The project concept is the hijacking of identity data.... re-purposing it for art by stripping out the useful 'identity' part of the data and applying 'artistic' aesthetic to the results.

Lots of big question marks about what this means and what my strongest intentions are, but at the moment, just enjoying the journey into Big Data.

I was surprised to find out that for less than a 1000 Euros you can buy an SDK for facetracking that lets you monitor your employees facial expressions through webcameras.... Yep. Your boss knows how you feel, and can accumulate statistics about how many times you smiled today.



And here is a video posted by Adam Harvey (NY privacy advocate and digital artist) about how OpenCV tracking algorithms detect faces by analysing shapes and tones.


OpenCV Face Detection: Visualized from Adam Harvey on Vimeo.

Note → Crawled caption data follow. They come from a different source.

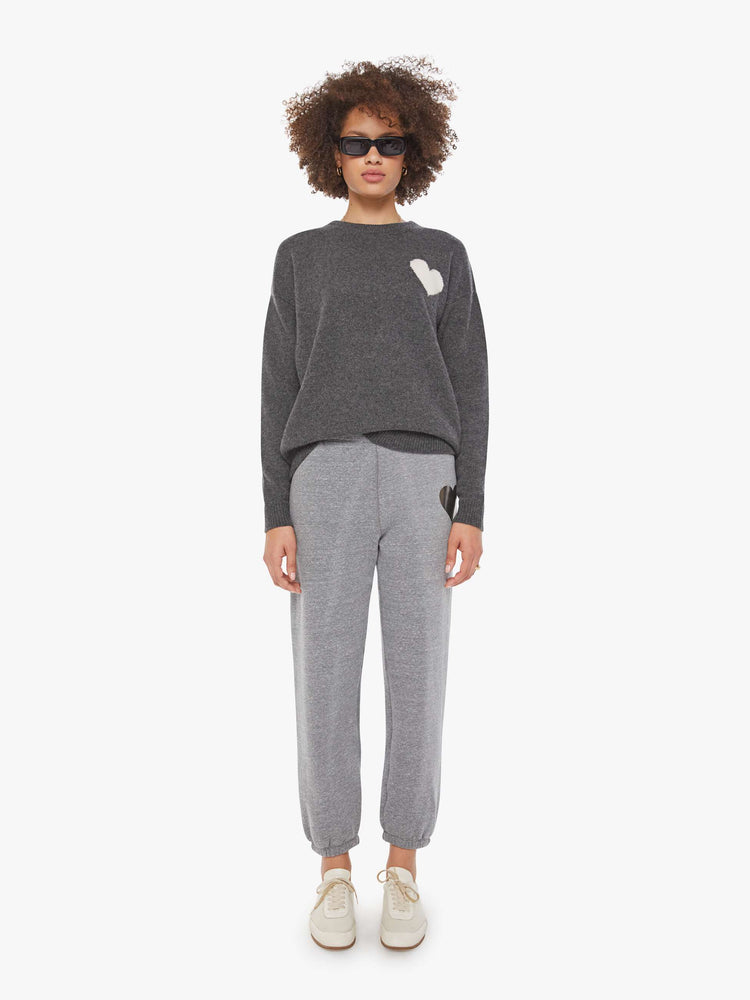 Full body view of a woman in a sweater  cashmere in dark grey, the sweater has a crewneck, drop shoulders and a loose, comfortable fit.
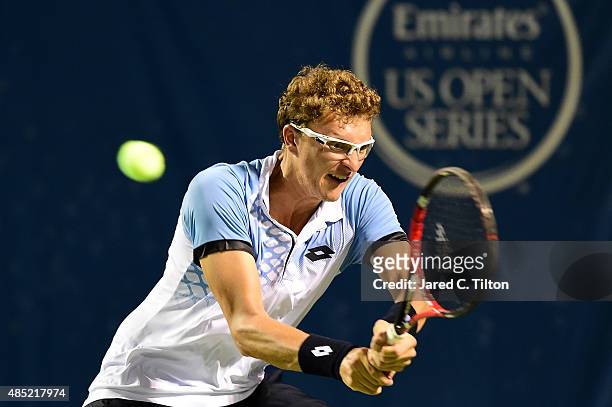Denis Istomin of Uzbekistan returns a shot from Jo-Wilfried Tsonga of France during the second day of the Winston-Salem Open at Wake Forest...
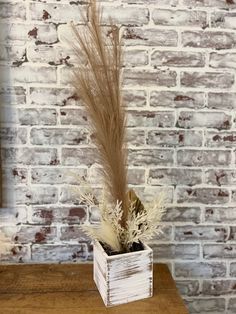 a plant in a white square vase on a wooden table next to a brick wall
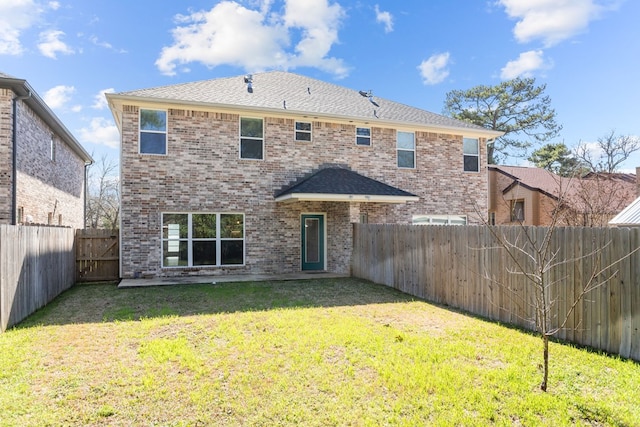 rear view of house featuring a shingled roof, a fenced backyard, a lawn, and brick siding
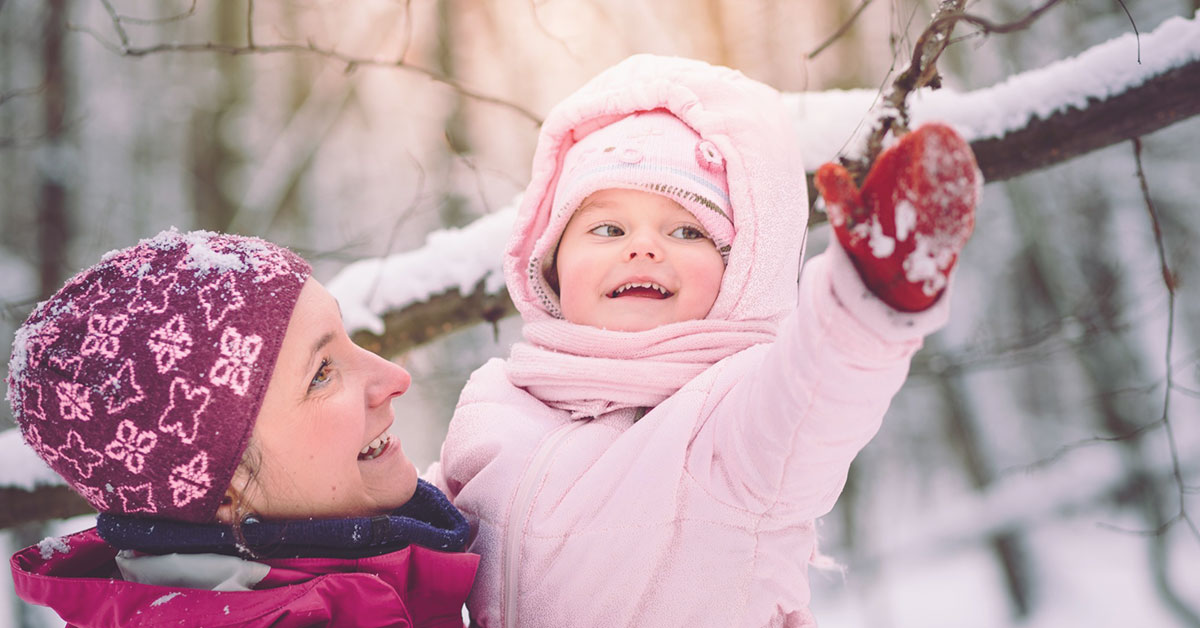 Mutter und Kleinkind bei einem Spaziergang im Winter-Wald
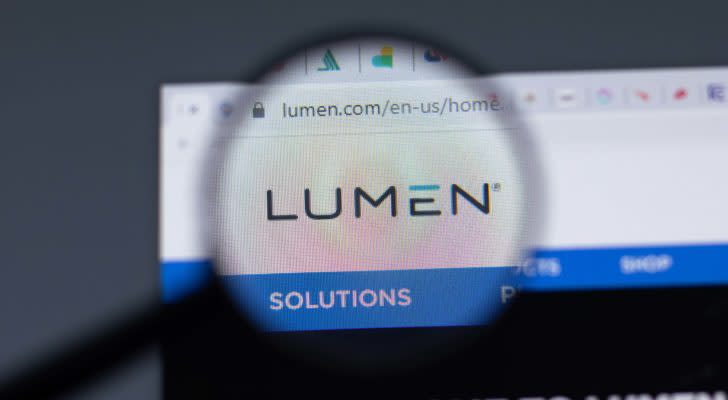 A magnifying glass zooms in on the website for Lumen Technologies (LUMN).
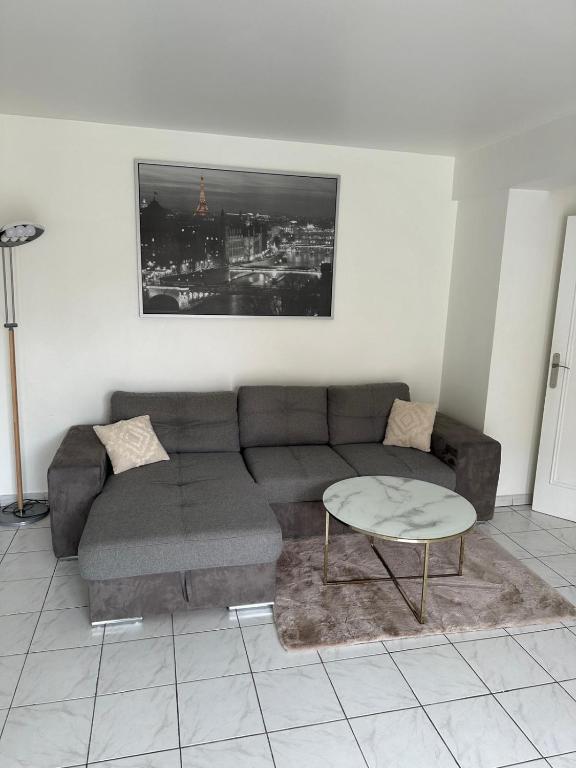 a living room with a couch and a table at appartement cosy tout équipe in Épinay-sur-Orge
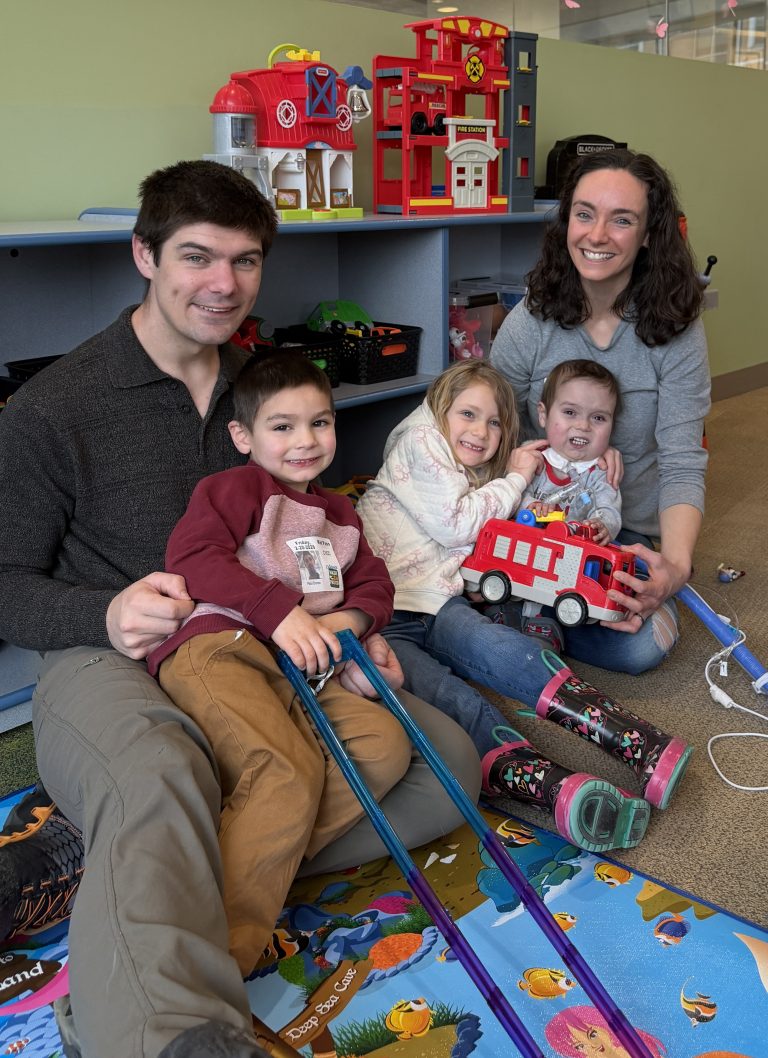 Peter and Ashley Boman with their children, Connor, Melody and Archer playing in the Sibling Play Area of the Children's Minnesota hospital in Minneapolis.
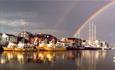 Colourful rainbow over arching Poole Quay and the Yellow Ferries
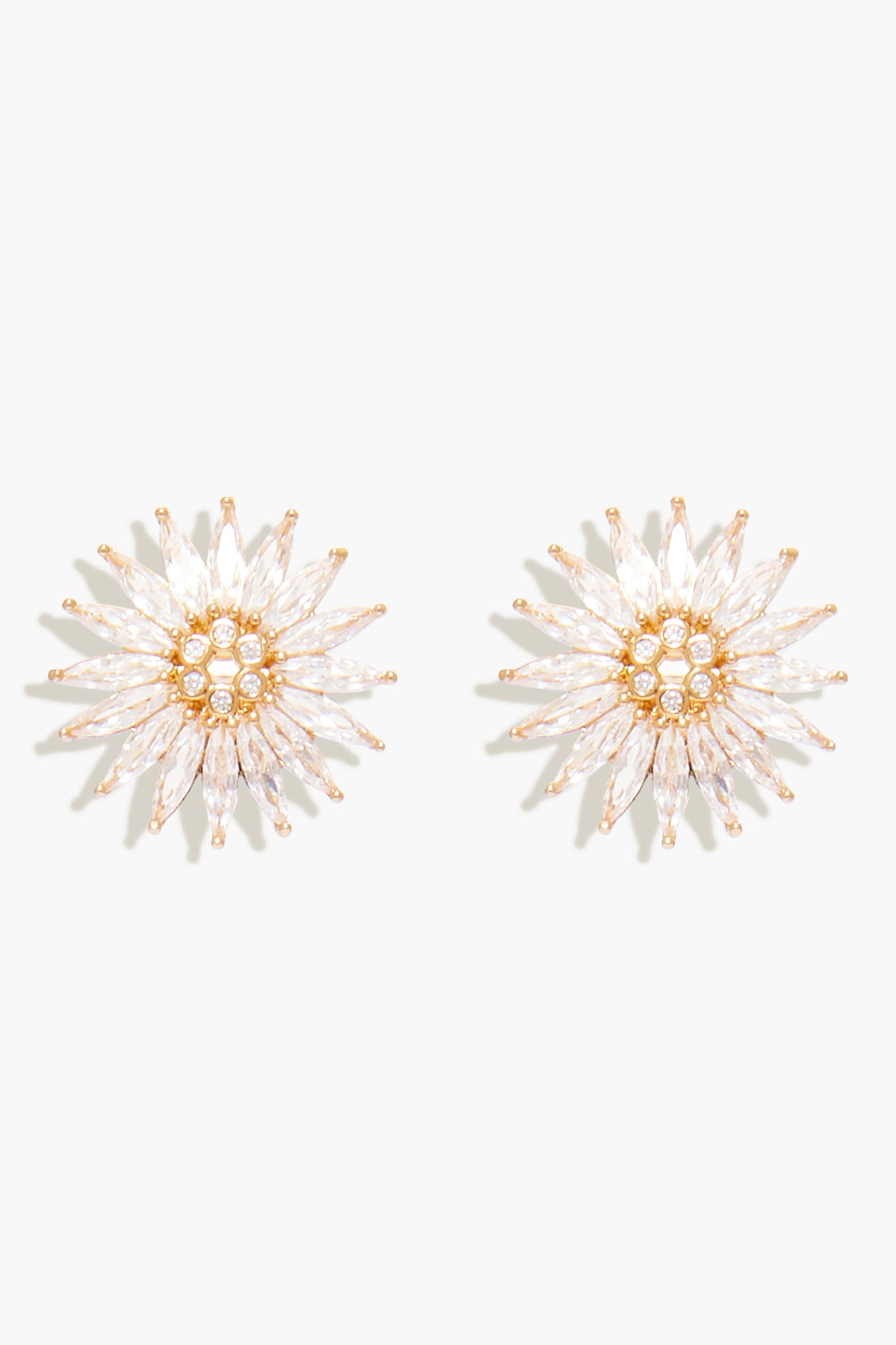 A pair of Mignonne Gavigan gold-plated Crystal Madeline Studs featuring radiating petal-like crystals and clustered round stones at the center.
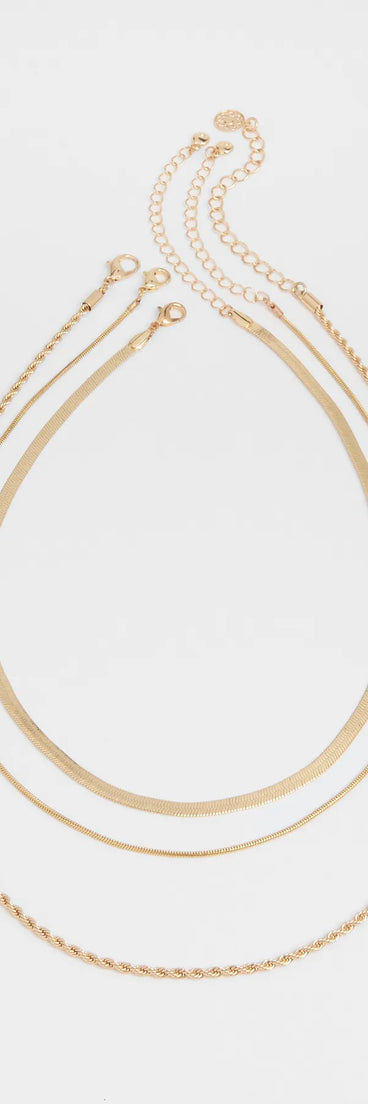 The Keep It Edgy Three-Pack Necklace Set in gold brings edge and energy to your vibe, ready to elevate any festival look or concert outfit.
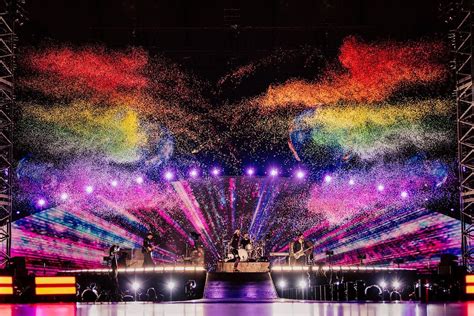 Een podium met een tribute band die de sfeer van Coldplay nabootst, inclusief lichteffecten.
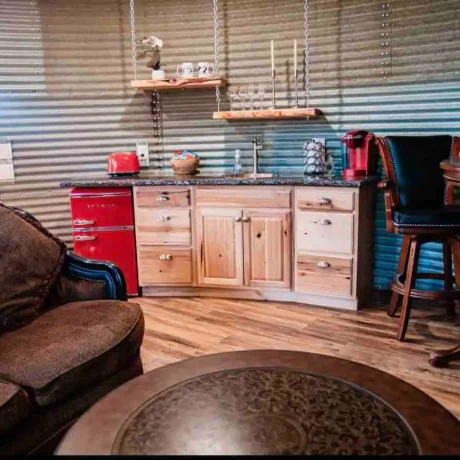 A cozy, wooden cabin nestled in a scenic setting with the sun setting behind it, emphasizing the rustic charm and peaceful atmosphere at Oak Meadow Ranch RV in Valley View, TX.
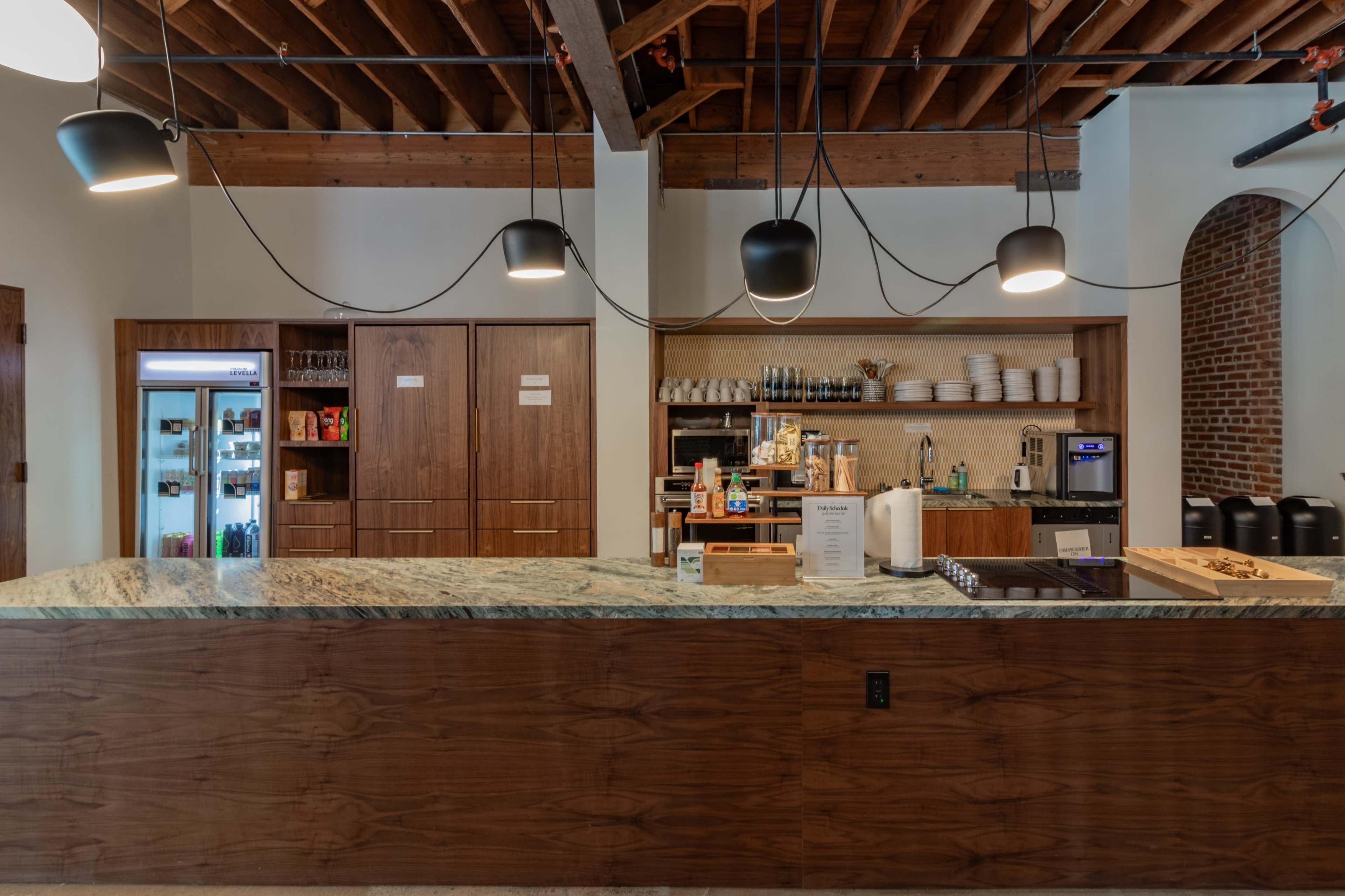 A modern, minimalist cafe interior featuring a wooden counter with a granite top, overhead pendant lights, and shelves stocked with dishes and beverages.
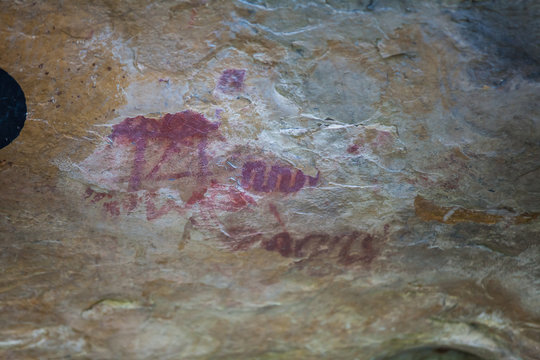 Prehistoric paintings on rock known as petroglyphs in the municipality of Facatativa in Colombia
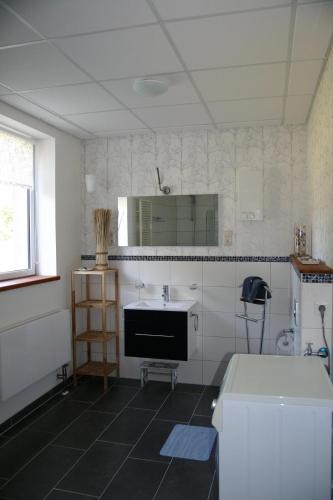 a white kitchen with a sink and a mirror at FeWo Vahls Mika in Elmenhorst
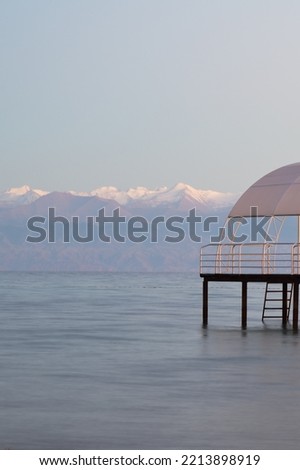 Sunset view from north shore of the Lake Issyk-Kul on pier and high snow covered mountain peaks Tien Shan on south shore, Kyrgyzstan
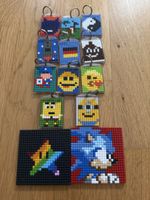 Selbstgemachte Pixel schlüsselanhänger und 2 grosse pixel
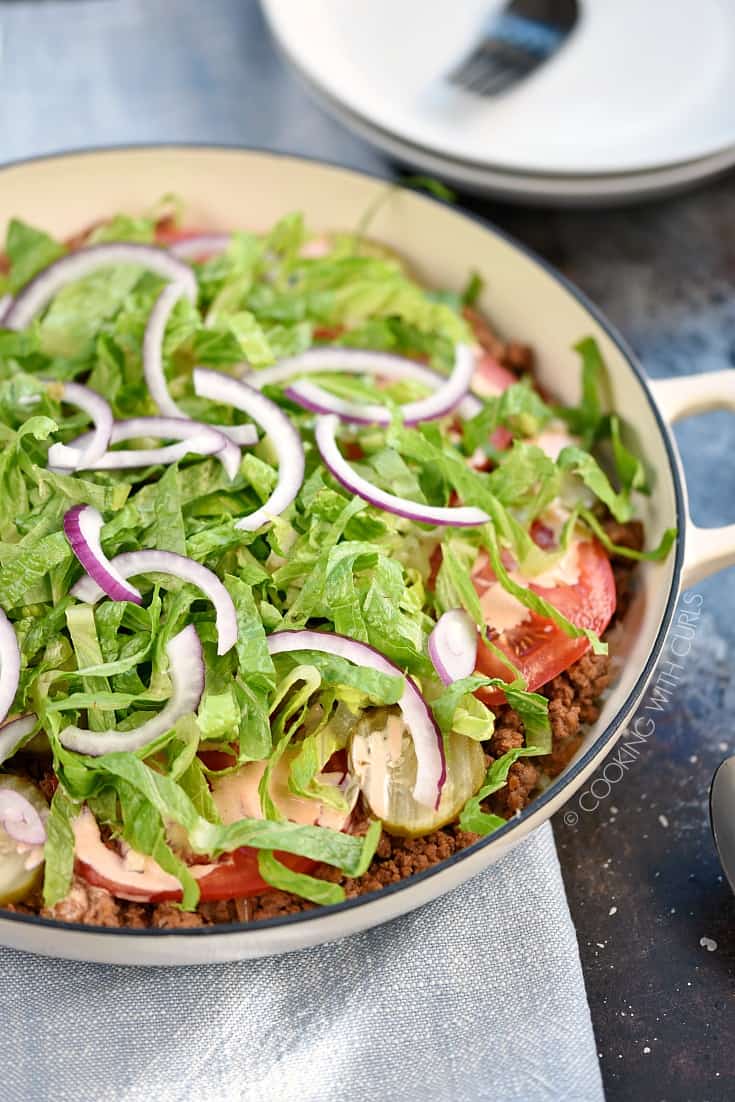 A skillet filled with ground beef, tomato and pickle slices, shredded lettuce and thinly sliced onions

This video visualizes the detection process of OpenCV's face detector. The algorithm uses the Viola Jones method of calculating the integral image and then performing some calculations on all the areas defined by the black and white rectangles to analyze the differences between the dark and light regions of a face. The sub-window (in red) is scanned across the image at various scales to detect if there is a potential face within the window. If not, it continues scanning. If it passes all stages in the cascade file, it is marked with a red rectangle. But this does not yet confirm a face. In the post-processing stage all the potential faces are checked for overlaps. Typically, 2 or 3 overlapping rectangles are required to confirm a face. Loner rectangles are rejected as false-positives.